Respekt und Menschenrechte sind nicht exklusiv! Berliner Bezirke beunruhigt über sogenannte "LGBT-freien-Zonen" in Polen

Wehende regenbogenfahne.

Pressemitteilung Nr. 196 vom 23.06.2020

Steigende Berichte über “LGBT-freie Zonen” in polnischen Städten und Gemeinden haben zu einer hohen Besorgnis unter kommunalen und zivilgesellschaftlichen Akteur_innen in Berlin und seinen Bezirken geführt. Eine Vielzahl polnischer Gemeinden hat entsprechende Erklärungen unterzeichnet und sich zu “LGBT-freien Zonen” erklärt. Der Umstand, dass national-konservative und rechte Politiker_innen und Kirchenvertreter_innen homo- und transphobe Propaganda in Polen betreiben ist nicht neu. Nach persönlichen Angriffen auf Personen in Paraden und Denunzierungen von Aktivist_innen, sind amtliche Beschlüsse eine weitere nicht-akzeptable Form der Ausgrenzung.

Insgesamt acht Berliner Bezirke -darunter auch Tempelhof-Schöneberg- besitzen langjährige, kommunale Partnerschaften mit polnischen Gemeinden und Bezirken.

Bezirksbürgermeisterin Angelika Schöttler:

bq. Unser Bezirk ist geprägt durch den Regenbogenkiez, der zu den größten und ältesten seiner Art zählt. Jedes Jahr erwarten wir zu den queeren Höhepunkten wie dem Lesbisch-Schwulen Stadtfest oder dem Christopher-Street-Day viele Tausend Besucher_innen. Damit ist unsere queere Community ein fester Bestandteil in der Tempelhof-Schöneberger Nachbarschaft, und ich bin sehr froh und dankbar dafür, dass Koszalin, unsere polnische Partnergemeinde, nicht zu einer solchen LGBT-freien Zone gehört.

In ihrem Schreiben an Piotr Jedlinski, den Stadtpräsidenten von Koszalin, spricht die Bezirksbürgermeister unseren polnischen Partnern ihre Anerkennung dafür aus, dass sie mit ihrer Haltung gegen die sogenannten “LGBT-freien Zonen” ein Zeichen für Vielfalt und Respekt setzen.

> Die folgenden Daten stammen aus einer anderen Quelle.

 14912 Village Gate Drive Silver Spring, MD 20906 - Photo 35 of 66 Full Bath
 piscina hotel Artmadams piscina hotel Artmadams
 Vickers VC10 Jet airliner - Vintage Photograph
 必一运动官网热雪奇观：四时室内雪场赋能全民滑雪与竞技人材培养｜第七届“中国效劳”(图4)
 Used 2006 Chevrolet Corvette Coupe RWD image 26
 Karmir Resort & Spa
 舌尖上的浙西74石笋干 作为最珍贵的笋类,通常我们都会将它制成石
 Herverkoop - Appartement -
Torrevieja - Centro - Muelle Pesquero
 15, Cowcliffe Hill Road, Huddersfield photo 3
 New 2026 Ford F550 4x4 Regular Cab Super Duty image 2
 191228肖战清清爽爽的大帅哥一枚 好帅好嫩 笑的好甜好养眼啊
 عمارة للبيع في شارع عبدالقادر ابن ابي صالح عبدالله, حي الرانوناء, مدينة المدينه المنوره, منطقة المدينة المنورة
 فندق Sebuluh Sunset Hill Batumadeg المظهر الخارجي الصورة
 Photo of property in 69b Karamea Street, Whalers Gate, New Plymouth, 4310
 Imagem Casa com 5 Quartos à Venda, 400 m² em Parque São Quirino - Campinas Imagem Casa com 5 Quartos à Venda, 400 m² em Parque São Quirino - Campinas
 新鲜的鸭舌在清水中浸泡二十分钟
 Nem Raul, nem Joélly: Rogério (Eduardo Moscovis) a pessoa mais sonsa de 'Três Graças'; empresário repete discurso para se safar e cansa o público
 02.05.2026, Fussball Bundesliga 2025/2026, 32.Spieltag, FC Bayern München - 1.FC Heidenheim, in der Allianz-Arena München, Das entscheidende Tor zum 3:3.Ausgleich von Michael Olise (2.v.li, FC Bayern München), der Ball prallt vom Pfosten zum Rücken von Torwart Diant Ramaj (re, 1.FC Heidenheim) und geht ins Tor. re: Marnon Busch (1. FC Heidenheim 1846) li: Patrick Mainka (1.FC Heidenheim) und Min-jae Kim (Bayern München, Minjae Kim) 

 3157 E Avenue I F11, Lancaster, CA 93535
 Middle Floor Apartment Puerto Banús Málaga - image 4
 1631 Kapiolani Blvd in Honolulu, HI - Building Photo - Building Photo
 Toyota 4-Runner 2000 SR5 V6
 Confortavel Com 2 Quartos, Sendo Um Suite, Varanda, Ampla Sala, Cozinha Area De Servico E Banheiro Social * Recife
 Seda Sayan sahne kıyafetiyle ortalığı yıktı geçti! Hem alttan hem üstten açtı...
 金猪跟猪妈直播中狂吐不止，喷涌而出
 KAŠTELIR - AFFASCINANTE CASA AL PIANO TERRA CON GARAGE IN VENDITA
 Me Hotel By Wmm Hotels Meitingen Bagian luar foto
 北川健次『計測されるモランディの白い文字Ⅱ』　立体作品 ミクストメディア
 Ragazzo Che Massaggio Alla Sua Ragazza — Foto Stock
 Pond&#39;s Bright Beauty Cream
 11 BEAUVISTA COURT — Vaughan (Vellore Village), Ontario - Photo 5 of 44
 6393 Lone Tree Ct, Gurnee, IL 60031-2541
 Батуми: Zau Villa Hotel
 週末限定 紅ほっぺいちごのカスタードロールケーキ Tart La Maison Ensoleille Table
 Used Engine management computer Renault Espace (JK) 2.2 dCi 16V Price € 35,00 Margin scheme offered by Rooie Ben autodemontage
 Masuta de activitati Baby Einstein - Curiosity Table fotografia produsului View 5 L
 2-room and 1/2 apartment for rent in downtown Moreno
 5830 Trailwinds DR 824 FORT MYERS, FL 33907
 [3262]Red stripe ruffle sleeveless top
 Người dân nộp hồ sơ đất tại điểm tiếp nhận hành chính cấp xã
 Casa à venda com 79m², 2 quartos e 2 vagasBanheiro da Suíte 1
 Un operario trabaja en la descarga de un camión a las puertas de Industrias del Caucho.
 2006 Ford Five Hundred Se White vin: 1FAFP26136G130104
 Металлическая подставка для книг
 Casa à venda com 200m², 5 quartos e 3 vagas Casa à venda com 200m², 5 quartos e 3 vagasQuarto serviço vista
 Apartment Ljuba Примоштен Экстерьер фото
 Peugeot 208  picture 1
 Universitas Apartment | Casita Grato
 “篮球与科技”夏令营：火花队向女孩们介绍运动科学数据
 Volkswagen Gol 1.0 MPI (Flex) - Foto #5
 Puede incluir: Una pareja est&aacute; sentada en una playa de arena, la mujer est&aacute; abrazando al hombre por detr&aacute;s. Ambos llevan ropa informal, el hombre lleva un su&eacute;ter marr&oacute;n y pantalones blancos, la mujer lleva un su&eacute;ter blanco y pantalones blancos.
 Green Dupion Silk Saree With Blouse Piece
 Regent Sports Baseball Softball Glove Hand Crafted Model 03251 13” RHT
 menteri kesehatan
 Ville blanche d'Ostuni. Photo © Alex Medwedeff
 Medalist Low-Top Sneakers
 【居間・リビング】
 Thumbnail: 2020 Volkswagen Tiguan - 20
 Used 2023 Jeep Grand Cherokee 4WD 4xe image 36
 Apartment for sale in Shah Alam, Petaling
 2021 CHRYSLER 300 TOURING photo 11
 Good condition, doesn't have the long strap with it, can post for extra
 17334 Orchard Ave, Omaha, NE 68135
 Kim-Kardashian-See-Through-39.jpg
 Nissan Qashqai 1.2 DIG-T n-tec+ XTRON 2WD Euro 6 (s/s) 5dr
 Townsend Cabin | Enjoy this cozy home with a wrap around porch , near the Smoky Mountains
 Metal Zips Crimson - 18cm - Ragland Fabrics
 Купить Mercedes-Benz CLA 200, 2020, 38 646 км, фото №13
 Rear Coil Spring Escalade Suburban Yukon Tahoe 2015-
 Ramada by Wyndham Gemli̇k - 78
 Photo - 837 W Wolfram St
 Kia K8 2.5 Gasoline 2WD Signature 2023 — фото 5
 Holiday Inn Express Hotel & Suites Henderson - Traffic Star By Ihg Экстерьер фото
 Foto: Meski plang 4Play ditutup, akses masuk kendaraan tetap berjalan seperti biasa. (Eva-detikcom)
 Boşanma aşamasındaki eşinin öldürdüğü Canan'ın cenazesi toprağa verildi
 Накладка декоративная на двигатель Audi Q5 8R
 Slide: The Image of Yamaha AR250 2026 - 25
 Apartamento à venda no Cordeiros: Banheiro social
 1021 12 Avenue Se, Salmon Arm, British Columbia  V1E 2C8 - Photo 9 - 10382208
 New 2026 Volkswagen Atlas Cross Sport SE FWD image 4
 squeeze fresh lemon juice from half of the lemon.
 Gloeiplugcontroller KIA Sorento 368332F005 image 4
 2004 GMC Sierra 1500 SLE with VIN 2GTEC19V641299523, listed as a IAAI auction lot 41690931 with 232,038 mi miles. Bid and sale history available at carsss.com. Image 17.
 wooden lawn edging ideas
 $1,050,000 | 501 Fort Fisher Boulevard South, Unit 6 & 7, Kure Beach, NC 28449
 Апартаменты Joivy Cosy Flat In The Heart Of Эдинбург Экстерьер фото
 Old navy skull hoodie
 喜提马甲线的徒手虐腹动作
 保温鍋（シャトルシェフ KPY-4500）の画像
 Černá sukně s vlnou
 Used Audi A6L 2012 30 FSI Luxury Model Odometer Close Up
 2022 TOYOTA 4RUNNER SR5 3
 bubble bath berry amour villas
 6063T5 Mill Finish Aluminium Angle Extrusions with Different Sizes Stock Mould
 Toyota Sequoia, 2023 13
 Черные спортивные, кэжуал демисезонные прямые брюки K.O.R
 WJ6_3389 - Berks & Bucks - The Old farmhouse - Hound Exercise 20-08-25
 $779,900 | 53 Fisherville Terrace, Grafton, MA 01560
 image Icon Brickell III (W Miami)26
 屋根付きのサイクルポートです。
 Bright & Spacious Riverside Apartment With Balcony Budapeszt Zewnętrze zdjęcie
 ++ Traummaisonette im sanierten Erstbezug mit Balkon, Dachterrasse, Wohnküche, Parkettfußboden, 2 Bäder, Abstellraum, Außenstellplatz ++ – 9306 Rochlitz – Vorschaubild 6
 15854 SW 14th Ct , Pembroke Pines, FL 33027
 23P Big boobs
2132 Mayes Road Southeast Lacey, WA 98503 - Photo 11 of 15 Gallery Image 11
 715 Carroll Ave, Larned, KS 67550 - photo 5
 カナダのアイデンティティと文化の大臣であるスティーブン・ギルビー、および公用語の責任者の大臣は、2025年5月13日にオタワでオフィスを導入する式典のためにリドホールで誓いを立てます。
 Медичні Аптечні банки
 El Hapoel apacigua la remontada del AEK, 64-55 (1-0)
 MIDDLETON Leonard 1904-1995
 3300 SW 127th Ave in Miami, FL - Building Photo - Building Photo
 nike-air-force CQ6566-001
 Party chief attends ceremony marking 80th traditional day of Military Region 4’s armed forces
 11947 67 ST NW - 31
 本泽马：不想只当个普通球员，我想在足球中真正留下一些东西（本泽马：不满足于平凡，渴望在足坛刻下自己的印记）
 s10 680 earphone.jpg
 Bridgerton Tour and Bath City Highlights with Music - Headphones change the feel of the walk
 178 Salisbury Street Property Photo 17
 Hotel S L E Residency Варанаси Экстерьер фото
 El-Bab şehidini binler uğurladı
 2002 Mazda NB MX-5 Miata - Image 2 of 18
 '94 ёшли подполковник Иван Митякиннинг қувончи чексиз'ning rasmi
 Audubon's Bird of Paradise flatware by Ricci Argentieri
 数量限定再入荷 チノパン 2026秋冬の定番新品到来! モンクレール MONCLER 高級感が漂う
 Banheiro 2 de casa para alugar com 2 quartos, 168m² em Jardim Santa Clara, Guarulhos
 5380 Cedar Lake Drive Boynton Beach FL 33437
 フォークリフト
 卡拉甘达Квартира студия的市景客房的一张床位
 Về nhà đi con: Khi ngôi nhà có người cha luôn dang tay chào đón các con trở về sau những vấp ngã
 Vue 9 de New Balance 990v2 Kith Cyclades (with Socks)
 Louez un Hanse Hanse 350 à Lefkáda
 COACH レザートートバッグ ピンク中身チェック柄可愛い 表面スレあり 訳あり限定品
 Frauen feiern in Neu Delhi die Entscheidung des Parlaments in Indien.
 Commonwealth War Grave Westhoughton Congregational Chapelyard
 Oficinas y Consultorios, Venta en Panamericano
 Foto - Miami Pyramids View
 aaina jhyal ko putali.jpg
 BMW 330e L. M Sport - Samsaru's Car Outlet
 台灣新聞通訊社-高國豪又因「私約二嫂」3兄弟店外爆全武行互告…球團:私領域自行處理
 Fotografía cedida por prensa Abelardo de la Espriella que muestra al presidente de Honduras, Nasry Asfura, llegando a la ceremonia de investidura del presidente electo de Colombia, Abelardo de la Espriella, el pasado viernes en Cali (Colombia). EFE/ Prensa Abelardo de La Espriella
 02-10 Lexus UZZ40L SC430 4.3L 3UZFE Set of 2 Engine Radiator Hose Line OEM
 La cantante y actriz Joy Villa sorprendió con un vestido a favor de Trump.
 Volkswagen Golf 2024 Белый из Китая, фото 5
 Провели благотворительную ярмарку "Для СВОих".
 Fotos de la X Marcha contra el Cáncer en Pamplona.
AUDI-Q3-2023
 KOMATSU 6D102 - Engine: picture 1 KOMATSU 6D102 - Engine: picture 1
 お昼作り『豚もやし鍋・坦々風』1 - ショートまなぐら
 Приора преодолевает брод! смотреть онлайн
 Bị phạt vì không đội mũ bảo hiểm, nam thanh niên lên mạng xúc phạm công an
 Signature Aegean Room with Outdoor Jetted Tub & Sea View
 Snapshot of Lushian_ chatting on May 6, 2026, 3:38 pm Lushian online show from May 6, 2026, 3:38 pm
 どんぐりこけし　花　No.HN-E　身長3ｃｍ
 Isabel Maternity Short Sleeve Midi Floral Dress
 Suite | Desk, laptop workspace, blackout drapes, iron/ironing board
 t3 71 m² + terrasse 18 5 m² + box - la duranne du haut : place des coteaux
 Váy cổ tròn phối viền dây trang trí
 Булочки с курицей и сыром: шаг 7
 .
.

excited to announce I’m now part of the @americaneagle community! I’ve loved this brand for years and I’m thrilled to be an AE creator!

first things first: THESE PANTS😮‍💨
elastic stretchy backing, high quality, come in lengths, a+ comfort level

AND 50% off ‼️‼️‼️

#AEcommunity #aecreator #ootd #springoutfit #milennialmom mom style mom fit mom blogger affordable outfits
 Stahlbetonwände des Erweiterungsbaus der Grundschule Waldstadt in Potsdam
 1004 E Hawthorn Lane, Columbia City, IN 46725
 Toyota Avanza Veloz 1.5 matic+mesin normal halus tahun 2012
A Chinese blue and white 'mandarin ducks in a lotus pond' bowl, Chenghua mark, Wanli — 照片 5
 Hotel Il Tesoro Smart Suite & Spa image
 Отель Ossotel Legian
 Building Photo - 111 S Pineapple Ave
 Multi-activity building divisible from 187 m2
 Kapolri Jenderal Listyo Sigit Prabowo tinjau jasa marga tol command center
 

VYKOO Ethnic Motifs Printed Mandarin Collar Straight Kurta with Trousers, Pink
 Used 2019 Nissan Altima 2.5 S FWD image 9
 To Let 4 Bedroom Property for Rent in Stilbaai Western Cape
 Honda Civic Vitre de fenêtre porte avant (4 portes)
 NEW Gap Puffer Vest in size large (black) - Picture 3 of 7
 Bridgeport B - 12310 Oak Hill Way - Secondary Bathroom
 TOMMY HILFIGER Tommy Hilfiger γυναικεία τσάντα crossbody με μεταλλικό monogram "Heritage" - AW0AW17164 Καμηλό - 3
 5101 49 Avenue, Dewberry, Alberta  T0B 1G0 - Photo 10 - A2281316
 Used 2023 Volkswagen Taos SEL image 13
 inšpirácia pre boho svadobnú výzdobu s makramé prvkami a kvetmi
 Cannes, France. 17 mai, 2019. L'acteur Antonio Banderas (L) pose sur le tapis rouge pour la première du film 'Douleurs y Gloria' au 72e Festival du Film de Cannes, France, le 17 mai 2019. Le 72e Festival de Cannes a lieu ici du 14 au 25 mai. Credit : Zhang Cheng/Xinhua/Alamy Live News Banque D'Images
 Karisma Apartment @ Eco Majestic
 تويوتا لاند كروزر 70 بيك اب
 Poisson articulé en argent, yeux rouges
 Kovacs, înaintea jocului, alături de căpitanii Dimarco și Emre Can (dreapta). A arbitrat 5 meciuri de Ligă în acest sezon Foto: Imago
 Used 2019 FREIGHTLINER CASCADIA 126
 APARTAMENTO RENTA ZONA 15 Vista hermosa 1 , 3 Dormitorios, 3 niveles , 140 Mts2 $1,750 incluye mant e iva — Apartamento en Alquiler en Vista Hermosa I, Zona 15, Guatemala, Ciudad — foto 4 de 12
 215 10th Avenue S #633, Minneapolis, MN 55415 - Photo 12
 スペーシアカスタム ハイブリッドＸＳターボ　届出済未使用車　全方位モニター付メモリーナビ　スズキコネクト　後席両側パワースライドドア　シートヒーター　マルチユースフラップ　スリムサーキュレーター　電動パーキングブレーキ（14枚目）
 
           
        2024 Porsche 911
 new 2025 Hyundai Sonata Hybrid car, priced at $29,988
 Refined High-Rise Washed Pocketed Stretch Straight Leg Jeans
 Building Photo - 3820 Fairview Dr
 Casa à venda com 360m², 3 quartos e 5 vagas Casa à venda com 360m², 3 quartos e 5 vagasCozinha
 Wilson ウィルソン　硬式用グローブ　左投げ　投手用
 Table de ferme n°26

Seit nunmehr 25 Jahren pflegt Tempelhof-Schöneberg eine aktive kommunale Partnerschaft mit dem im Nordwesten des Landes gelegenen Koszalin (Köslin). Die gemeinsamen Aktivitäten beinhalten vor allem Jugendbegegnungen, Schulpartnerschaften, fachliche Hospitationen und sportliche Wettbewerbe (Tischtennis).
Die Berliner Bezirksverwaltungen und zivilgesellschaftlichen Akteur_innen setzen sich gemeinsam für Vielfalt und sexuelle Selbstbestimmung in unseren Bezirken und explizit gegen strukturell diskriminierende Verwaltungsbeschlüsse ein.

Der Berliner Fachpromotor für Kommunale Entwicklungspolitik Michael Jopp betont:

bq. Diese Haltung gilt es jetzt zu betonen und in Kooperation mit den Partnergemeinden die mögliche Einflussnahme auf das Vorbeugen oder ggf. die Rücknahme etwaiger Erklärungen zu klären. Für jede kritische Haltung erhalten die Partner-Gemeinden und Berliner Bezirke unsere Solidarität.

Der LSVD Berlin begrüßt die ersten kritischen Äußerungen und Distanzierungen von Berliner Bezirken (Steglitz-Zehlendorf) und fordert die Berliner Bezirke auf, ihre Städtepartnerschaften zu nutzen, um einen gemeinsamen Dialog zu starten und aufrechtzuerhalten. “Sollten aber weitere Erklärungen und Beschlüsse folgen oder aktuelle dauerhaft bestehen bleiben, müssen die Partnerschaften auch in Frage gestellt werden. Alles andere wäre falsch verstandene Toleranz.” Der LSVD betont wiederholt seine Bereitschaft, auf bezirklicher Ebene zu Fragen von LGBTIQ-Feindlichkeit und Anti-Gender-Politiken zu beraten und auch Kontakte zu polnischen Aktivist_innen herzustellen.